One of the most common pitfalls I observe in giving and receiving feedback is overcorrection. If you see the shoulders rolling up as you raise your arm, you may squeeze your shoulders back down so much that your chest becomes rigid and your neck strains. If you see the knees caving in as you squat, you may attempt to push your knees out so much that you lose the line of your foot. When you correct your form, you want to do so in a way that is always softer than you think. Make the necessary adjustment to regain your balance, and then perform the movement a few more times without increasing the tension. Physical culture is a practice that is meant to be subtle.
A slight adjustment that you can repeat comfortably is always more effective than a large adjustment that you cannot sustain. Here is a 15-minute example practice to help you understand the effective use of feedback: Spend three minutes standing and breathing to relax your body before you decide to change it. Spend five minutes on a movement you are familiar with and practice it slowly to identify a repeated pattern in your technique. Spend the next four minutes performing the same movement while making only one adjustment. Don’t try and perfect the technique. Instead, focus on the feeling of the adjustment and see if the movement becomes smoother, more stable, or less tense.
Finally, spend the last three minutes performing the movement again without thinking and allowing your body to integrate the change you just made. When receiving and giving feedback begins to get murky, always revert back to the question of whether or not the movement feels more spacious or cluttered. Good feedback should always provide you with more space in your breathing, more support in your feet, or more flow in your movement. Poor feedback often results in holding, clenching, and overthinking.
If you find yourself pausing in the middle of a movement, slow it down and reduce the feedback to a single point. If it still feels forced, perform the movement without the adjustment, then with it, and observe the difference. Sometimes comparison can teach you more than forcing yourself to repeat the movement while straining. Over time, feedback will begin to feel less like someone telling you what to do and more like your inner navigation system.
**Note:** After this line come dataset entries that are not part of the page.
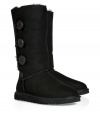Logo-detailed buttons and an easy-to-style tall length makes these cozy-chic shearling boots from UGG Australia a cold weather must-have - Round toe, rugged rubber sole, cozy shearling lining, back logo detail, mid-shaft length, three-button side closure - Pair with skinny jeans, an oversized cashmere sweater, and a down jacket or wool cape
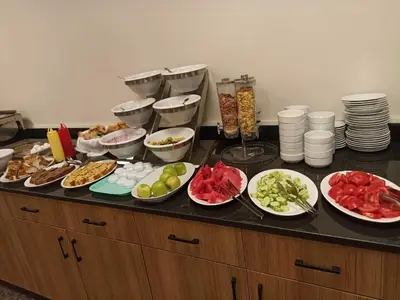 a buffet with plates of food on a table at Fatih Resadiye Hotel in Istanbul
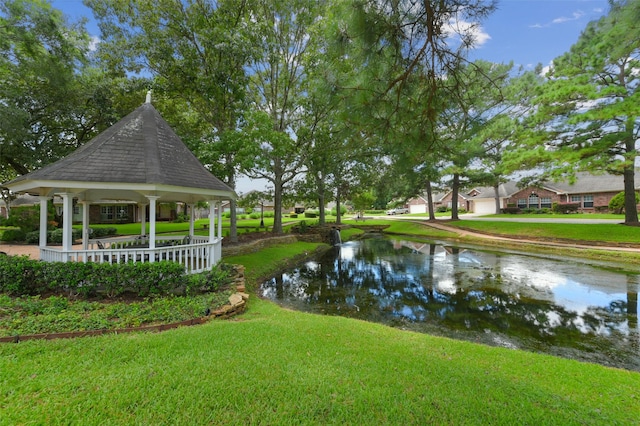 408 Pine Creek Dr, Friendswood, TX 77546 - view of home's community featuring a gazebo, a water view, and a yard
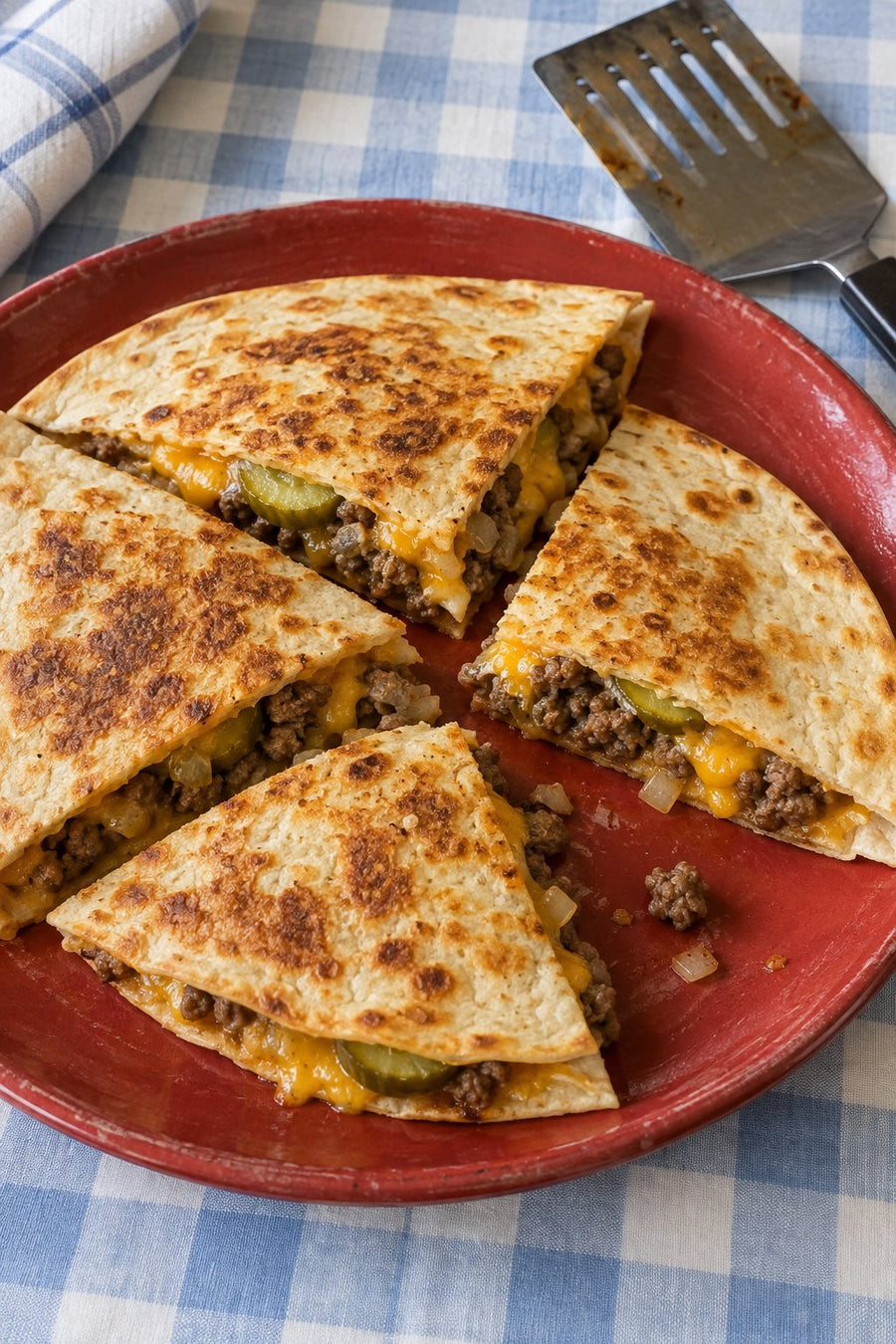 Toasted cheeseburger quesadilla wedges with ground beef, cheddar and sliced dill pickles.
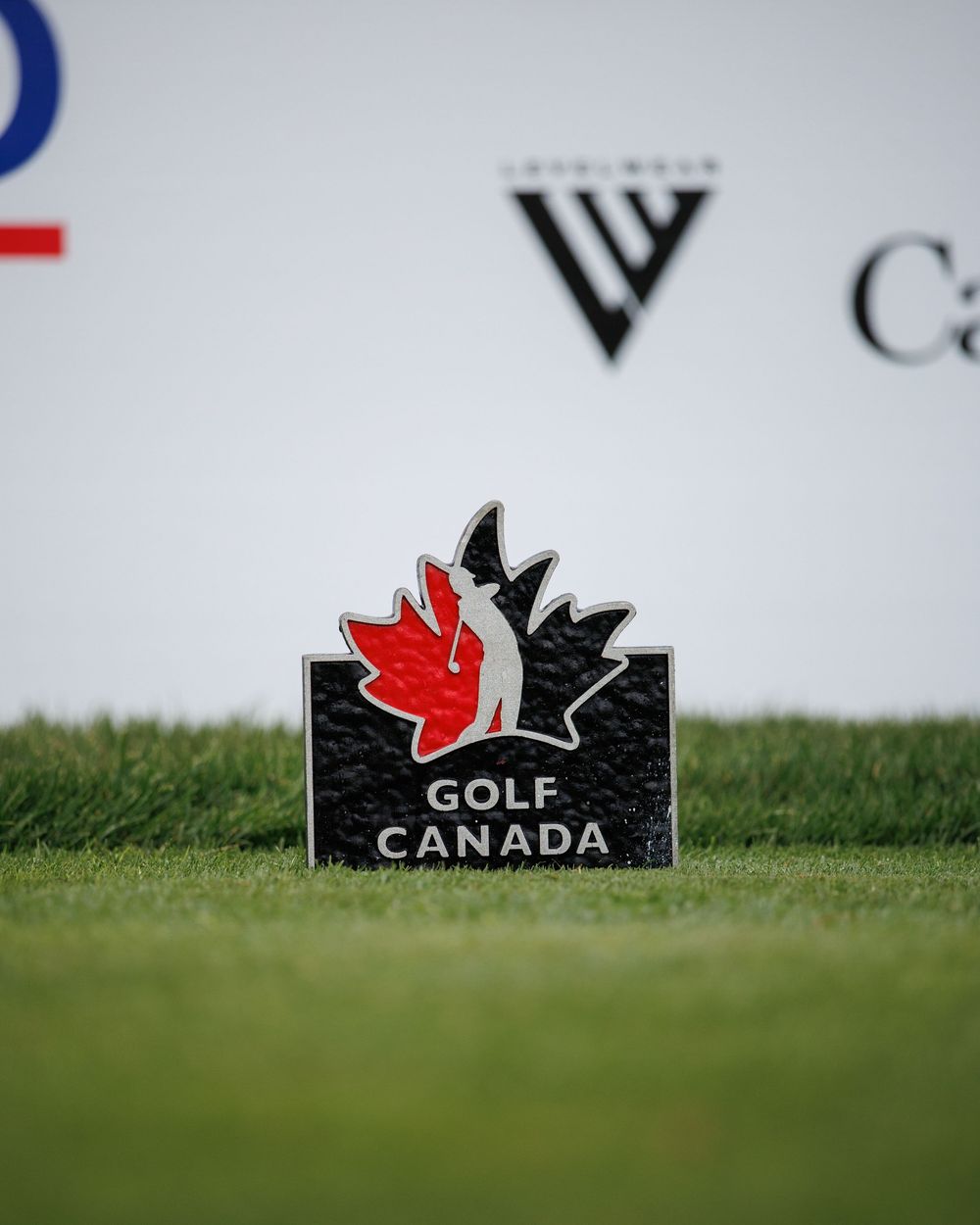 Golf Canada logo marker on green grass at a golf tournament.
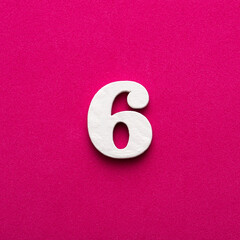 Number six - white number in wood on rhodamine red background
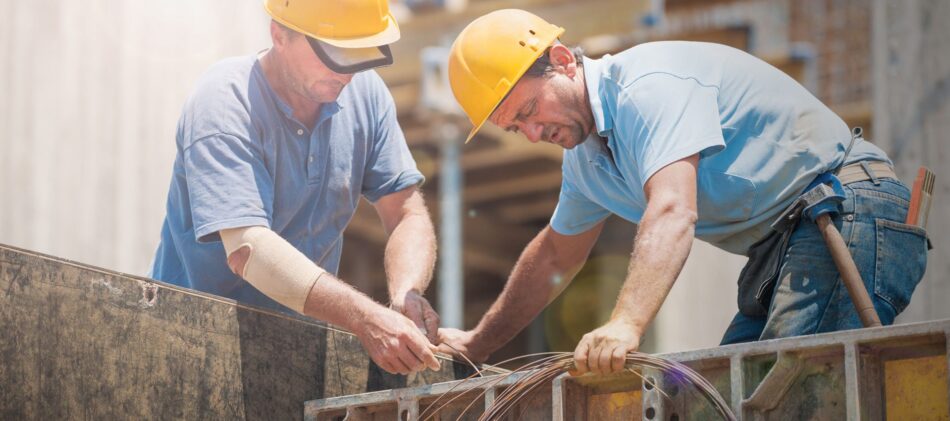 Two contractors working at a construction site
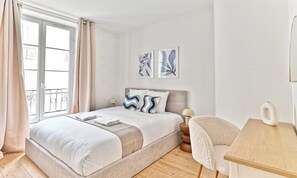 A hotel room with a bed, a bedside table, a chair, and a window with curtains. - ENCHANTING SAINT-GERMAIN HIDEAWAY:3-BEDROOM HOME STEPS FROM PARISIAN LANDMARKS (Paris)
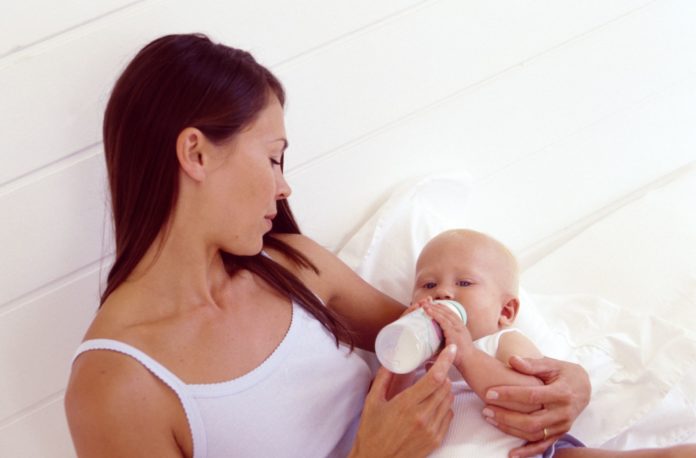 Woman feeding hungry baby with bottle.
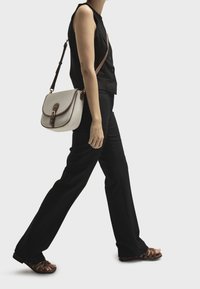 Crossbody taske i lysegrå stof med brune læderdetaljer, prydet med en klaplukning og hardware i guldfarve, båret af en person.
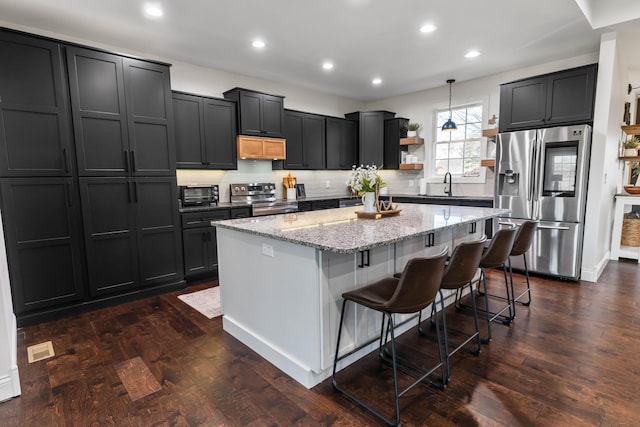 kitchen with decorative light fixtures, sink, a kitchen breakfast bar, light stone counters, and stainless steel appliances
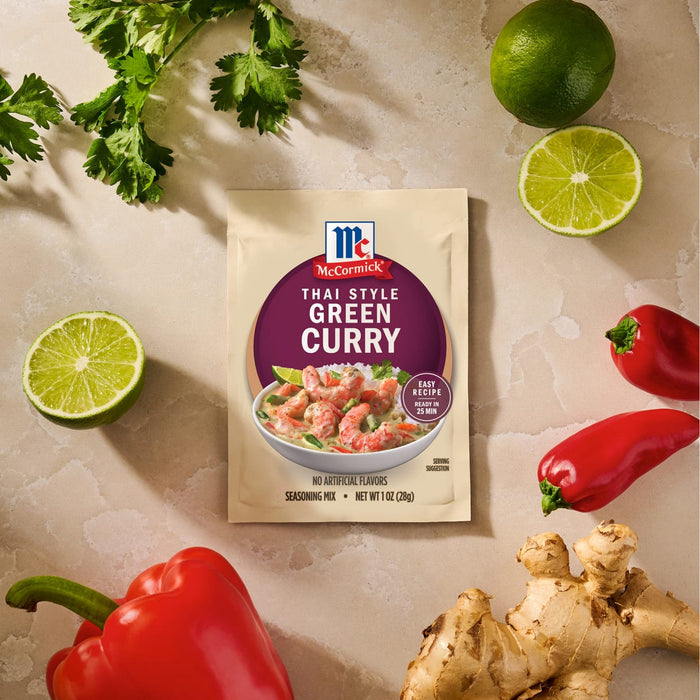 A package of Mc Thai Gn Curry Mix is centered on a textured surface surrounded by fresh ingredients like cilantro, limes, red peppers, and ginger root.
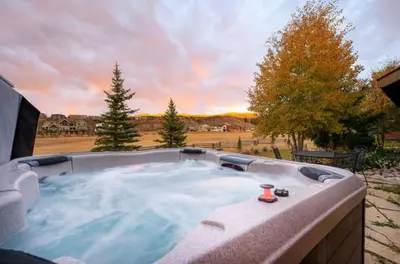 a hot tub with a view of a field at Luxe Winter Park Escape - 5BR with Hot Tub & Game Room in Winter Park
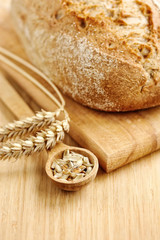 Freshly baked traditional bread on wooden board
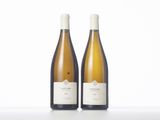 two bottles of white wine sitting on top of a table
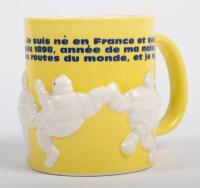 MICHELIN: An official Michelin ceramic mug with raised Bibendums&nbsp;in various positions, French text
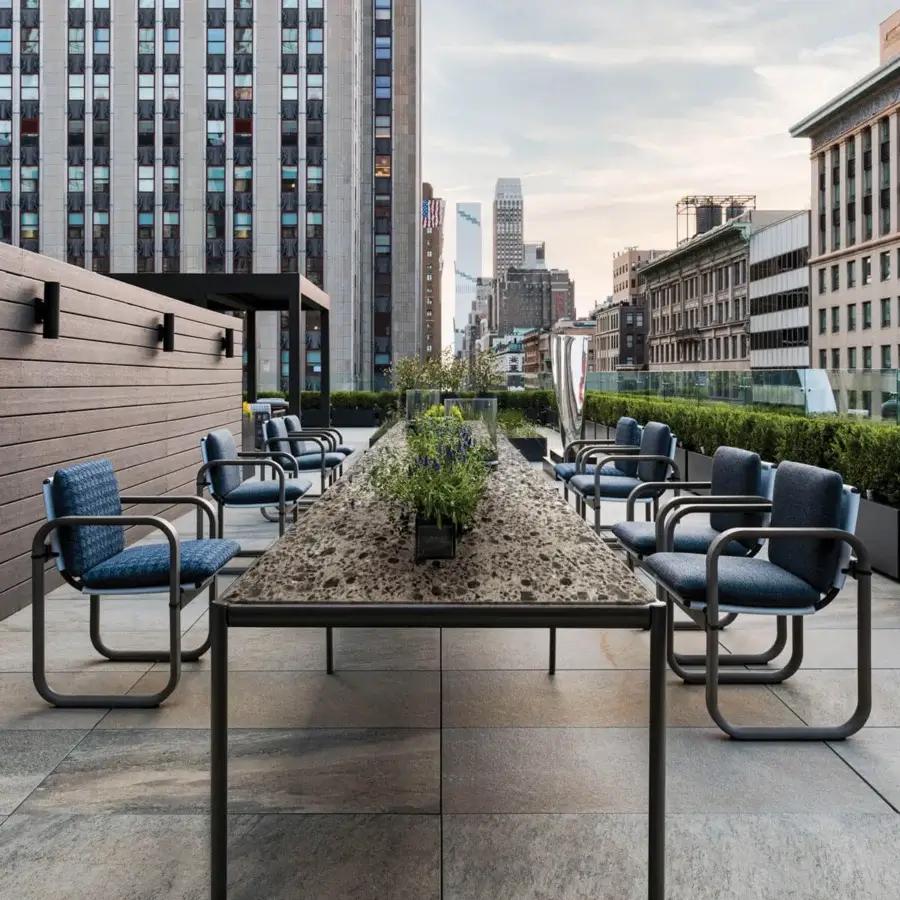 Refined Giorgetti Aldìa table with a textured synthetic tabletop and matte dark gray metal frame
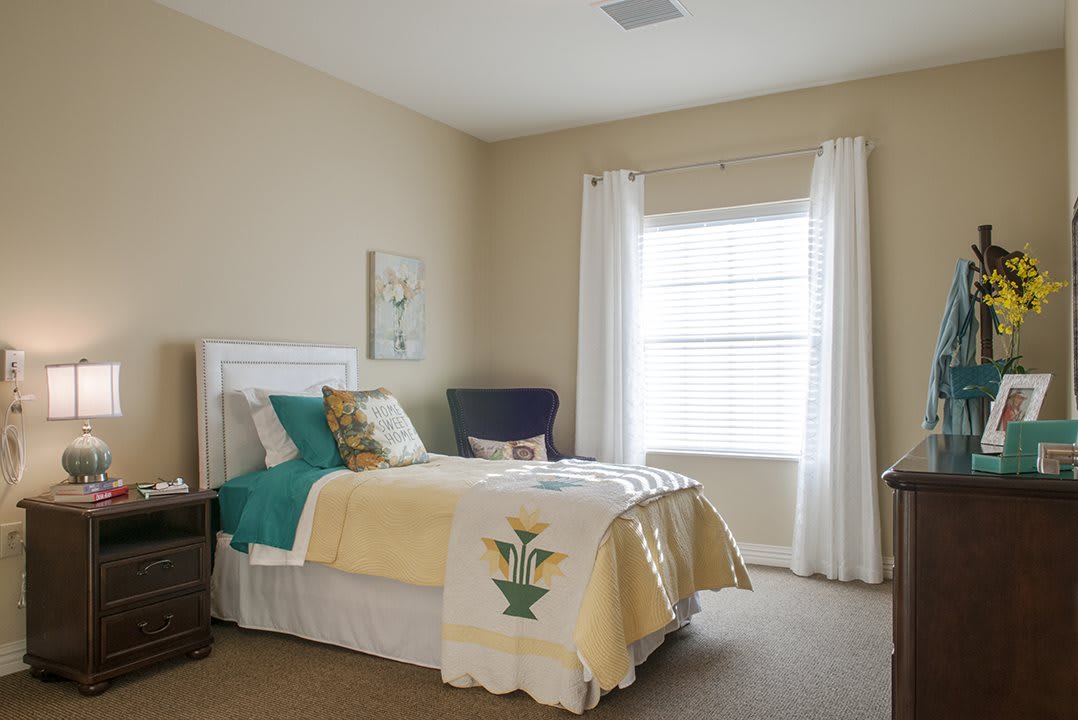 A cozy and well-decorated bedroom with a neatly made bed, accent pillows, and natural light coming through the window.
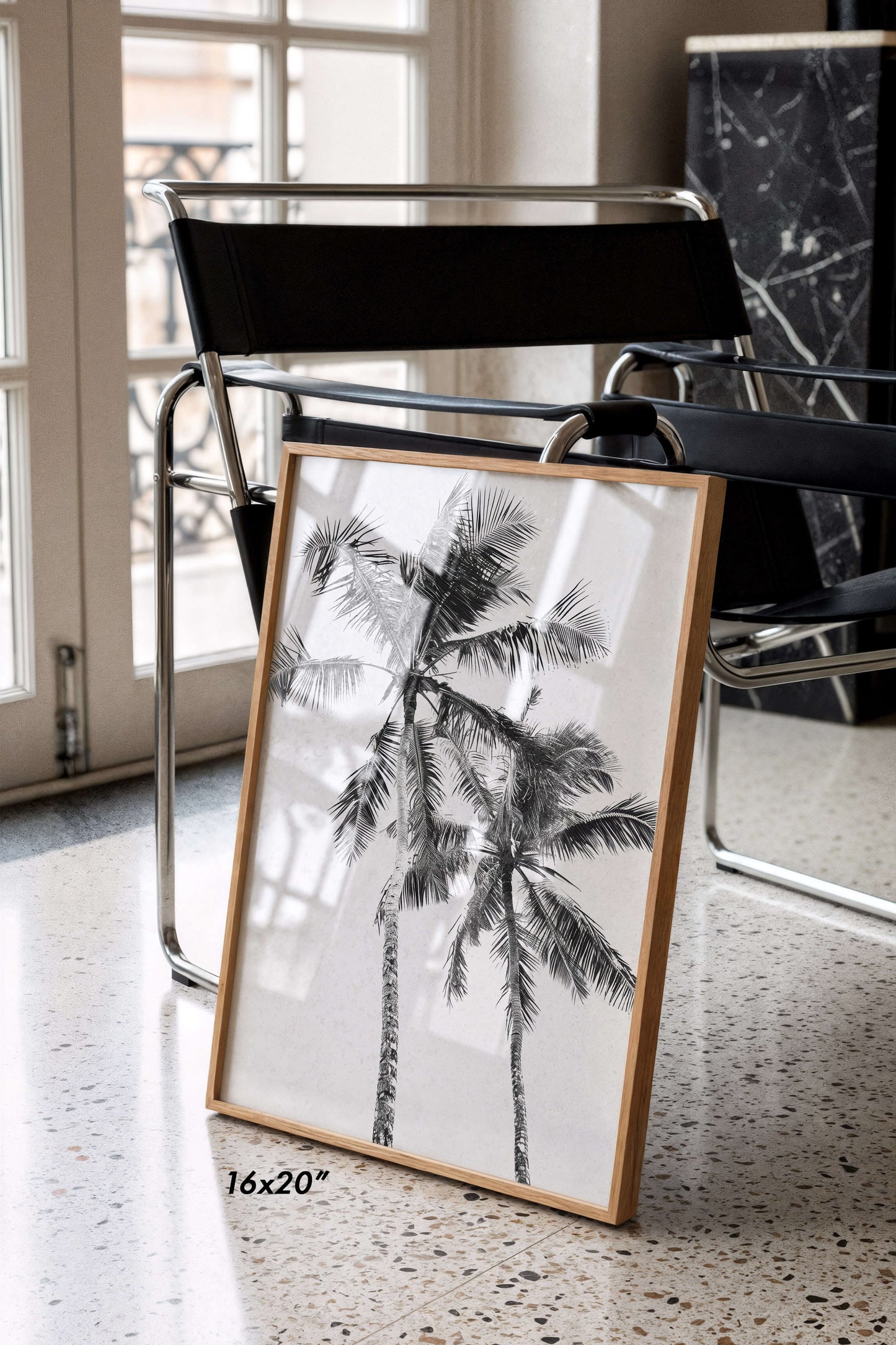 A framed black and white palm tree art print leaning against a black chair on a speckled floor, with a text overlay indicating 16x20 inches.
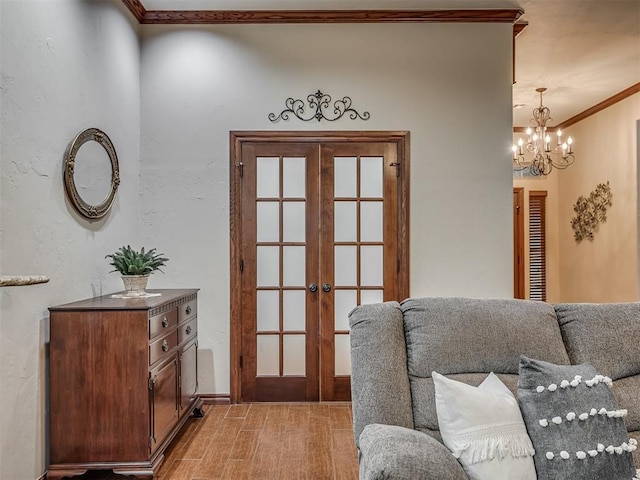 entryway featuring a chandelier, ornamental molding, and french doors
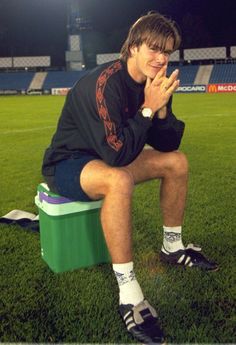 a man sitting on top of a green box in the middle of a soccer field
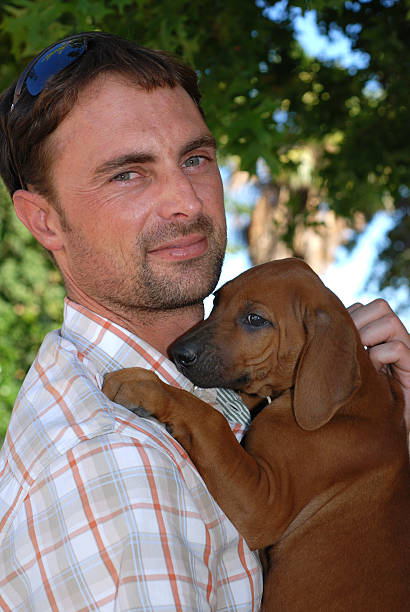 istock Man greeting his Puppy 182702081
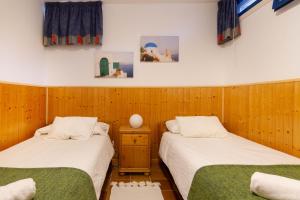 two beds in a room with wooden walls at Chalet adosado en Pasito BM13 in Pasito Blanco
You will start to recognize when your pelvis is rotating too soon, when your neck is engaging too much, or when your movement loses its rhythm halfway through. This type of awareness is one of the understated benefits that come from the practice of physical culture. It doesn’t mean your movement becomes rigid. It means your movement becomes authentic, and authenticity is what will always allow you to refine your movement without stripping your body of its inherent wisdom.